Directions> Write out exactly the lines from the one containing "Raised-panel doors / View 3" to the end of the material, both ends included, and nothing else. Leave pictures out.

Supplied information>
=== Begin Enclosure ===

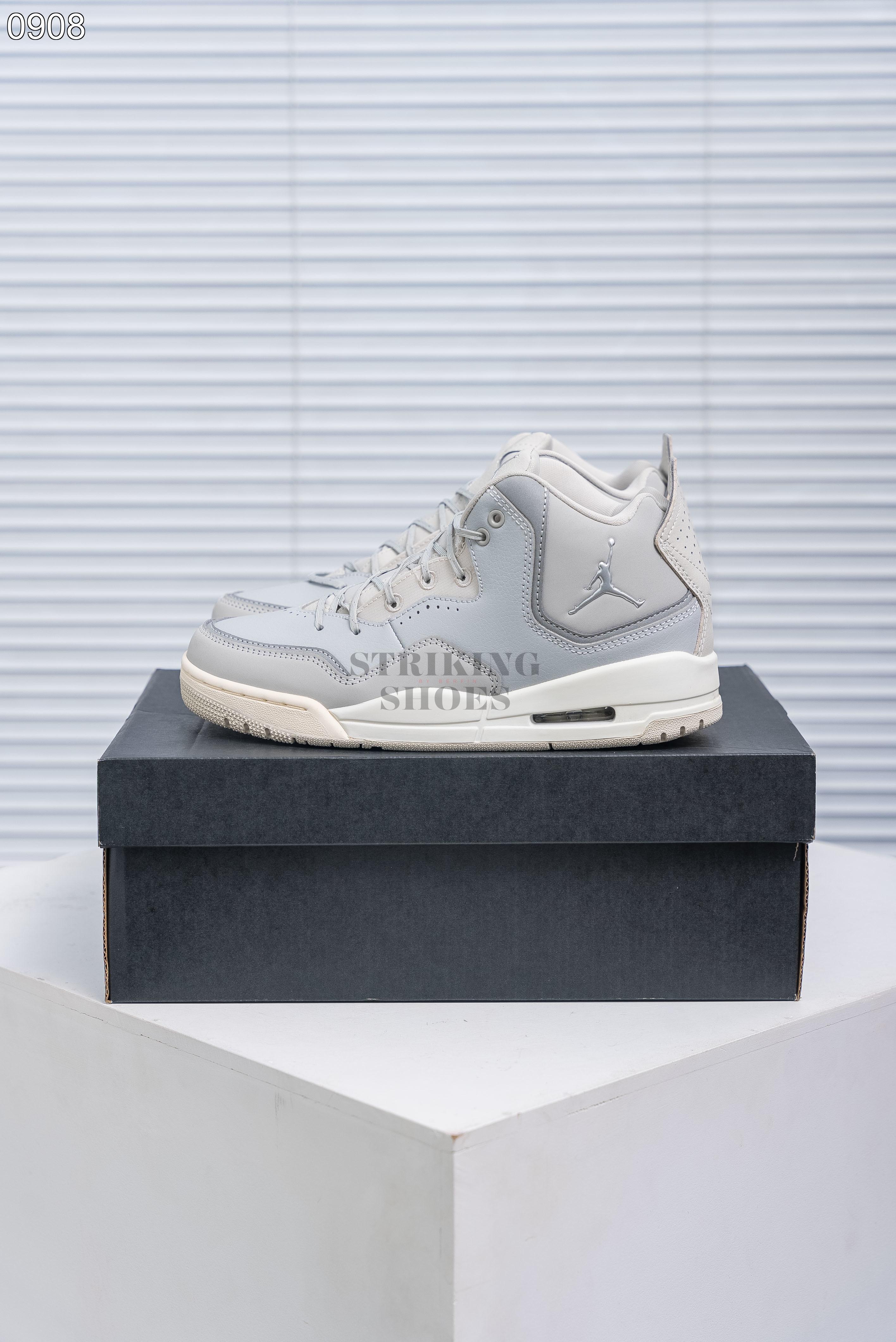 Jordan Courtside 23_img_3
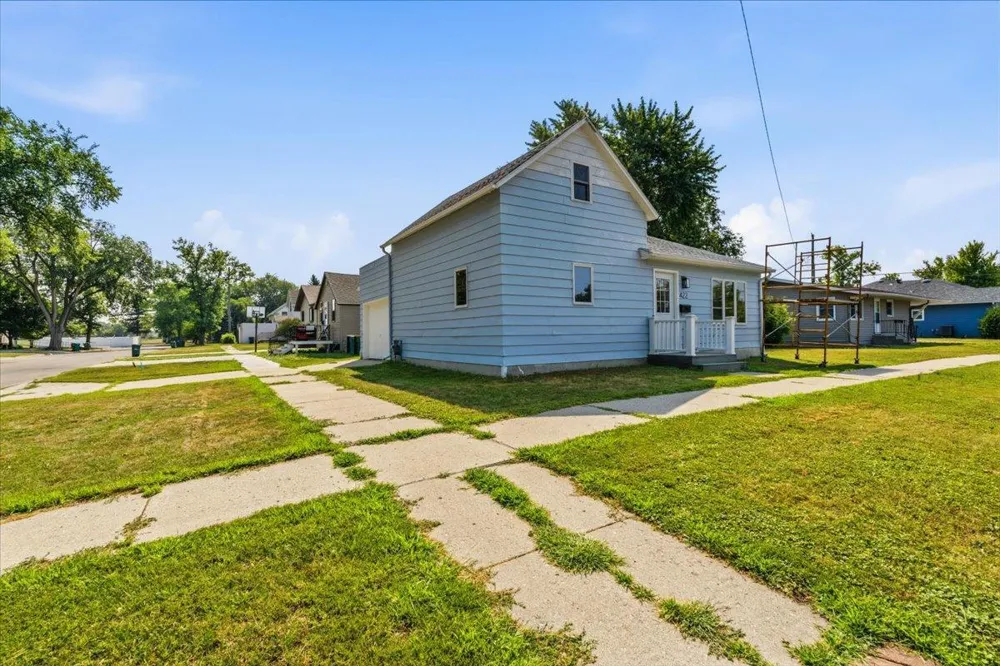422 2nd Street Wahpeton, ND 58075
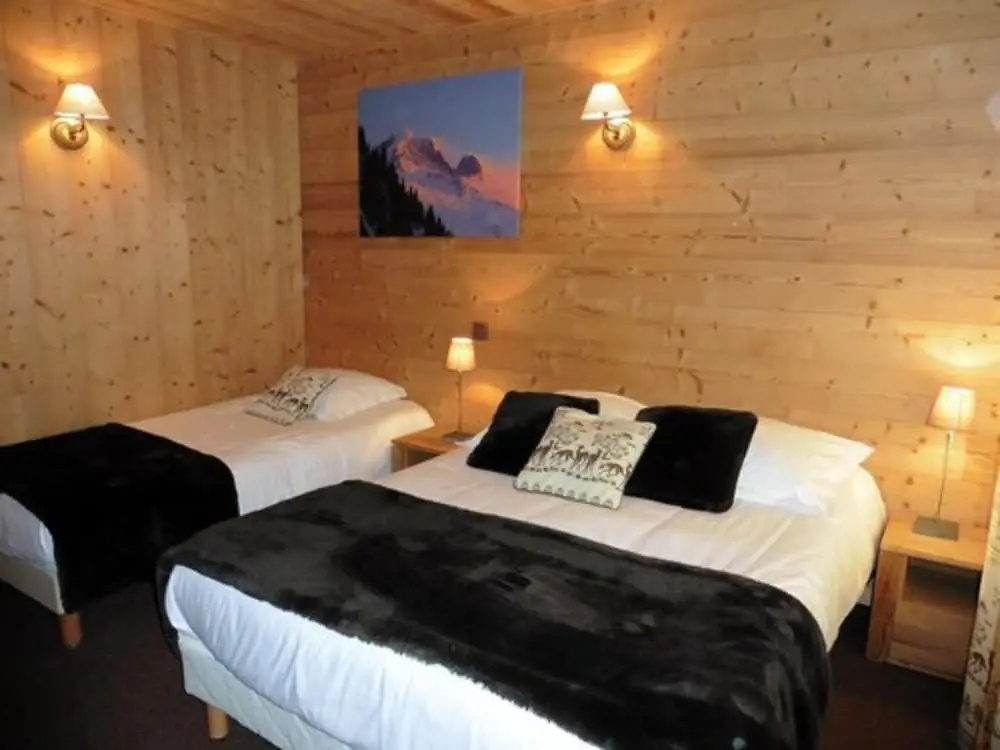 Superior Double room with balcony (full double bed)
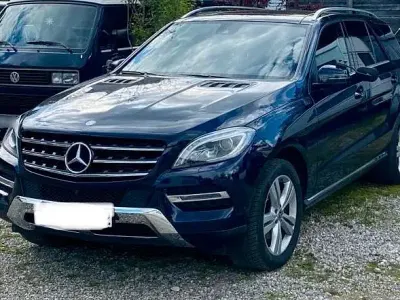 Gebraucht Mercedes ML350 258 PS (189 kW) 2014 Blau SUV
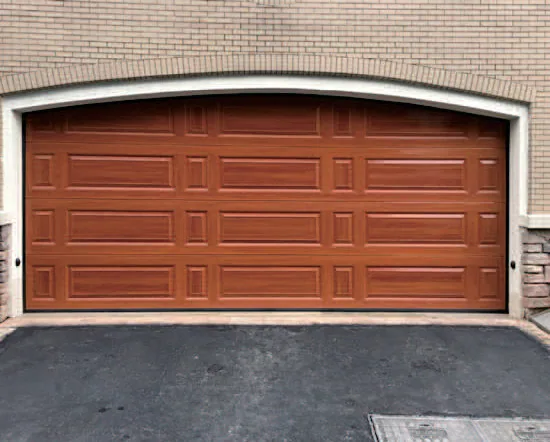 Raised-panel doors / View 3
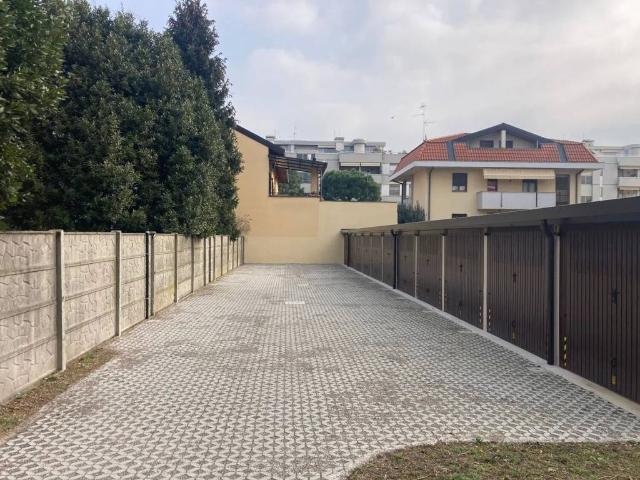 Box in vendita a Busto Arsizio, Lombardia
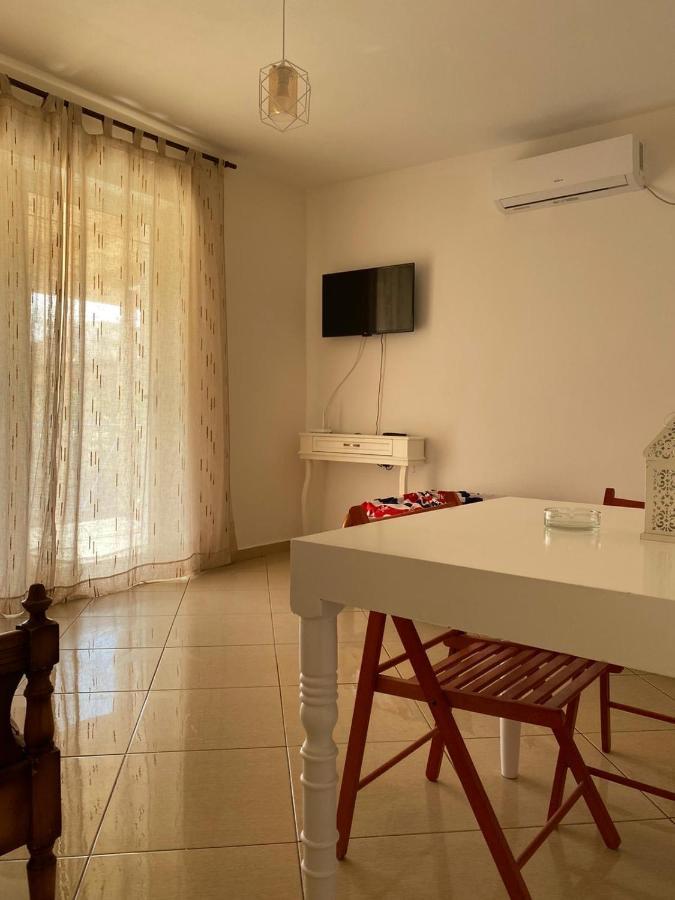 88 Apartment Himare Luaran gambar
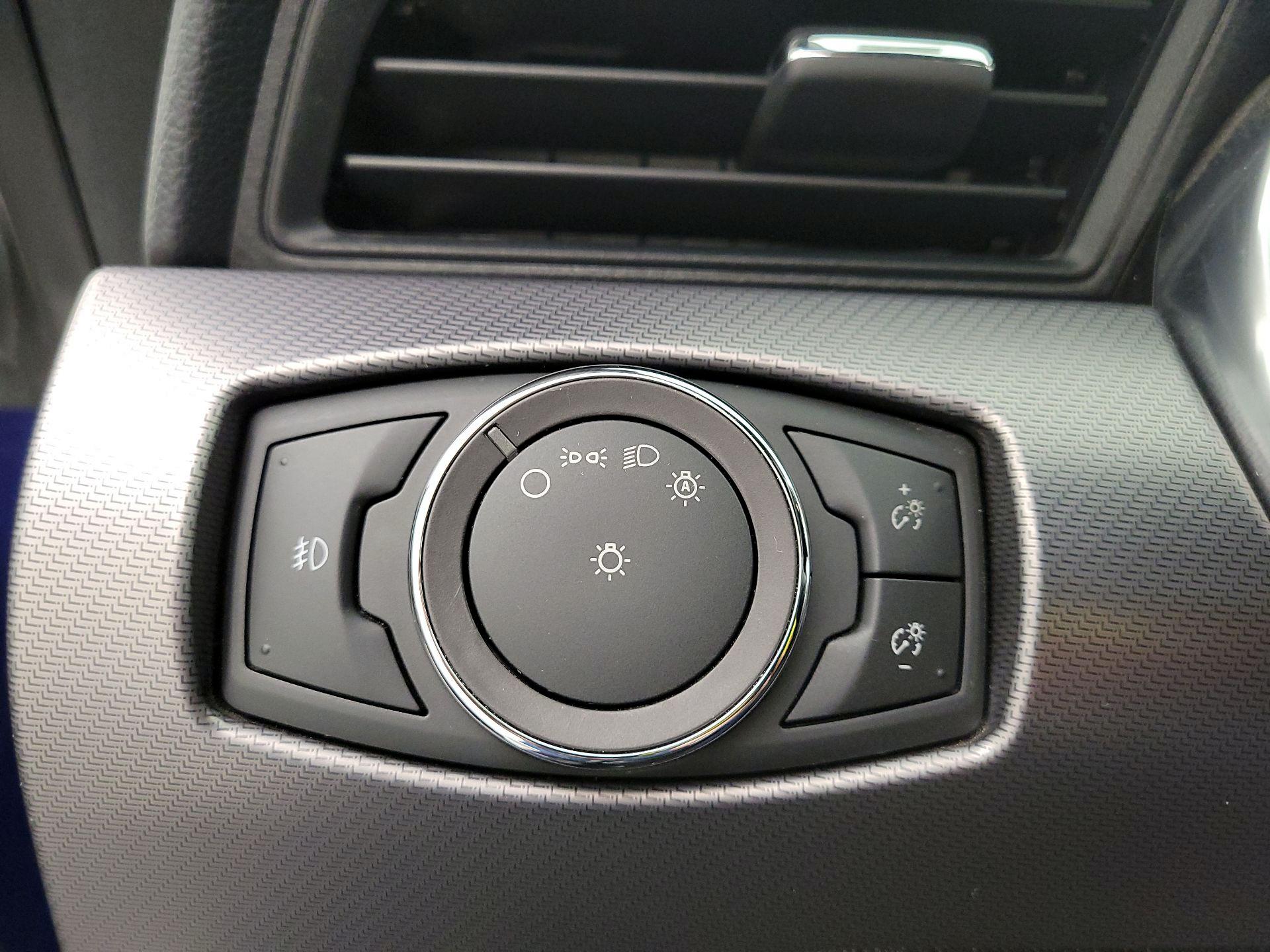 Thumbnail: 2018 Ford Mustang - 13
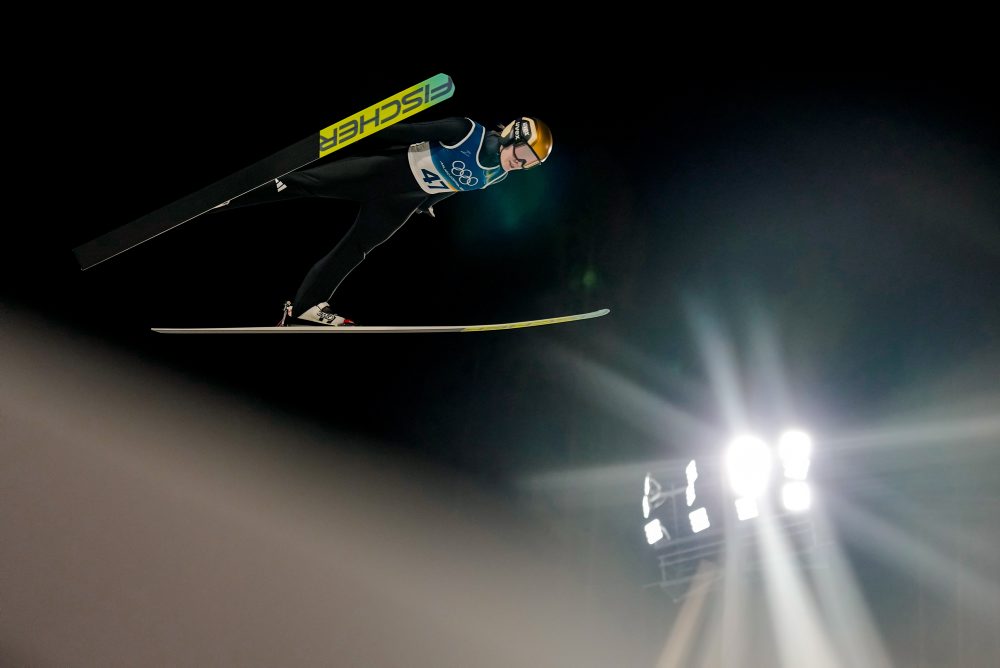 Skoky na lyžiach žien na strednom mostíku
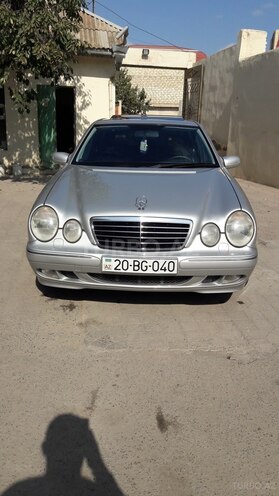 Mercedes E 240 2000, 247,000 km - 2.6 л - Gəncə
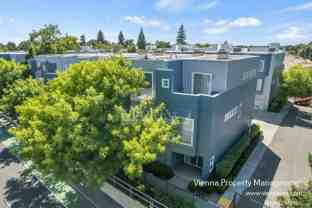 403 Harriet Ln - Photo 1 of 1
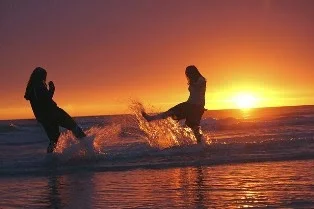 due amiche che giocano in acqua.webp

=== End Enclosure ===

Task answer>
 Raised-panel doors / View 3
 Box in vendita a Busto Arsizio, Lombardia
 88 Apartment Himare Luaran gambar
 Thumbnail: 2018 Ford Mustang - 13
 Skoky na lyžiach žien na strednom mostíku
 Mercedes E 240 2000, 247,000 km - 2.6 л - Gəncə
 403 Harriet Ln - Photo 1 of 1
 due amiche che giocano in acqua.webp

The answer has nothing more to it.